"""
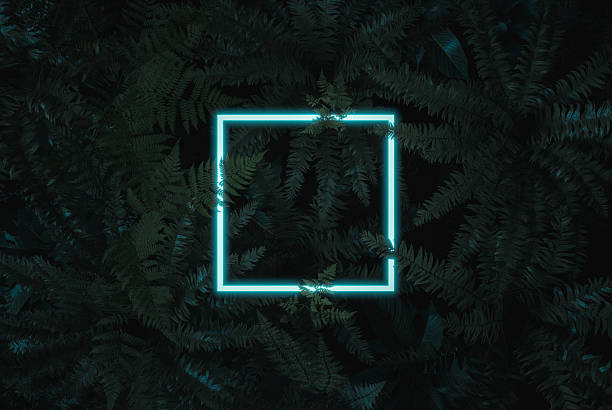 istock 3D Rendering of White Square Neon Frame above Fern Plants 2251122975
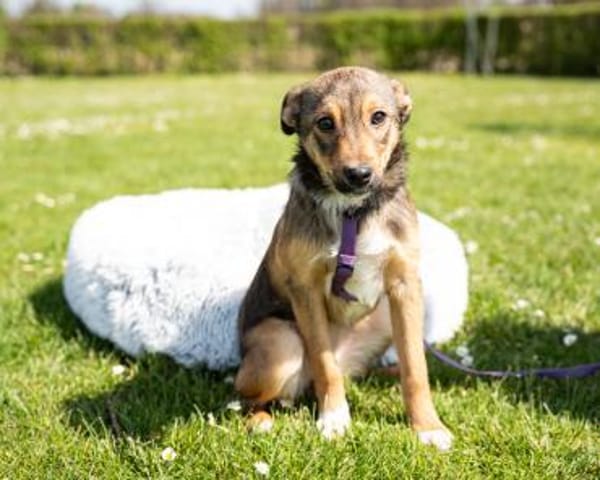 Darf ich vorstellen Prinzessin Leila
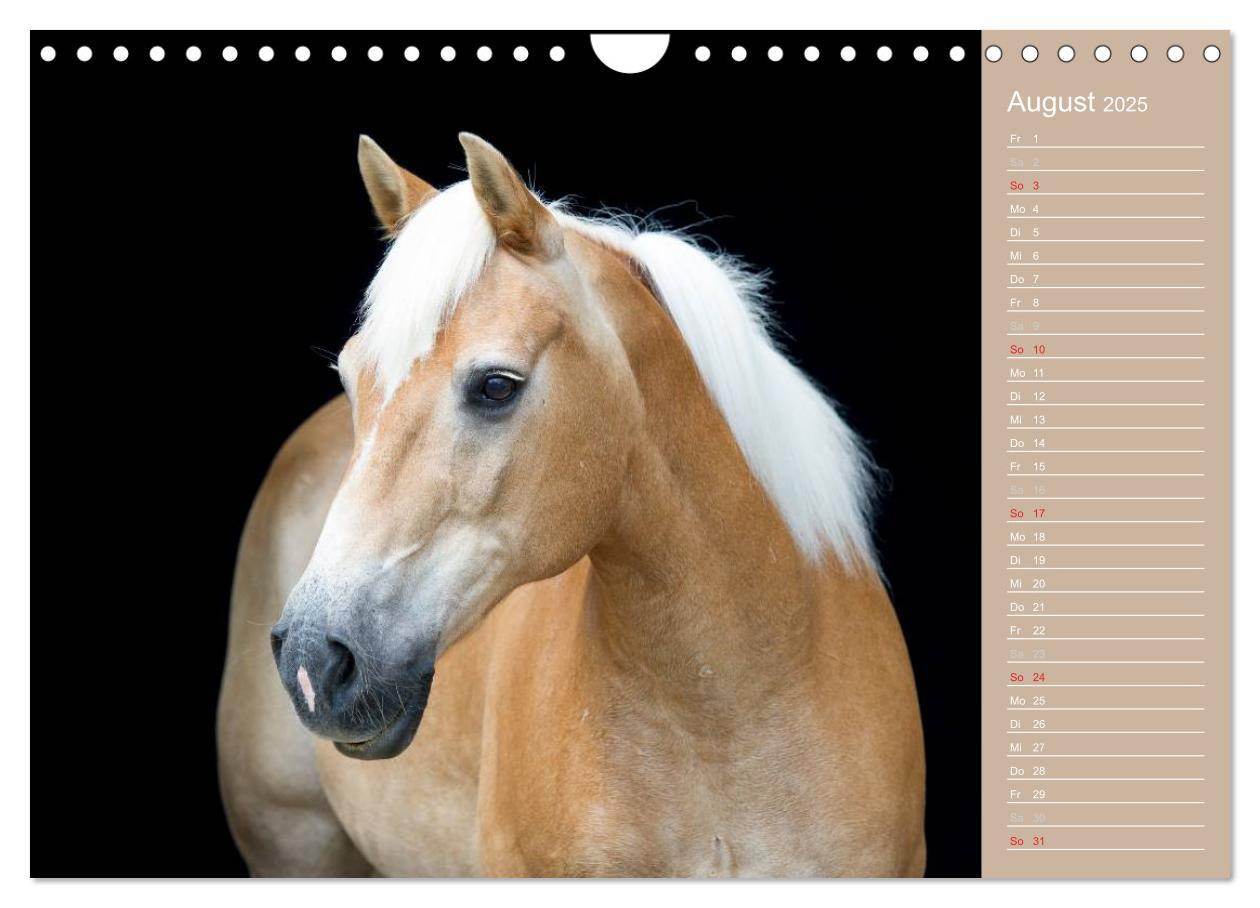 Bild: 9783435743308 | Haflinger / Geburtstagskalender (Wandkalender 2025 DIN A4 quer),...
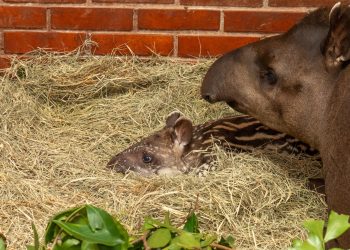 Primeiros nascimentos de 2026 reforçam conservação no Refúgio Biológico da Itaipu
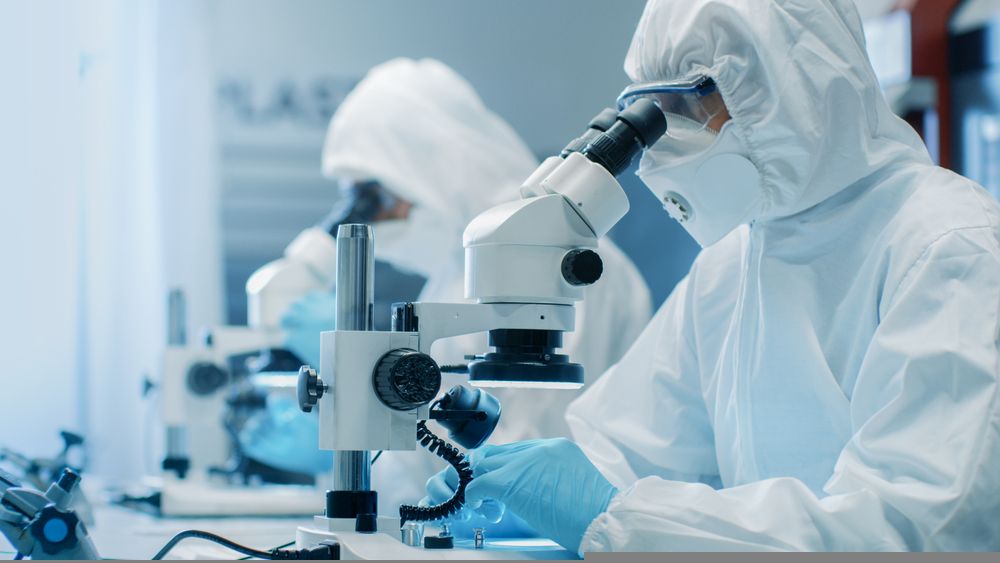 Fundamental Insights on this Healthcare Stock – IDT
"""
Task details. Copy the listing exactly but drop its images.

Answer to this exercise.
 istock 3D Rendering of White Square Neon Frame above Fern Plants 2251122975
 Darf ich vorstellen Prinzessin Leila
 Bild: 9783435743308 | Haflinger / Geburtstagskalender (Wandkalender 2025 DIN A4 quer),...
 Primeiros nascimentos de 2026 reforçam conservação no Refúgio Biológico da Itaipu
 Fundamental Insights on this Healthcare Stock – IDT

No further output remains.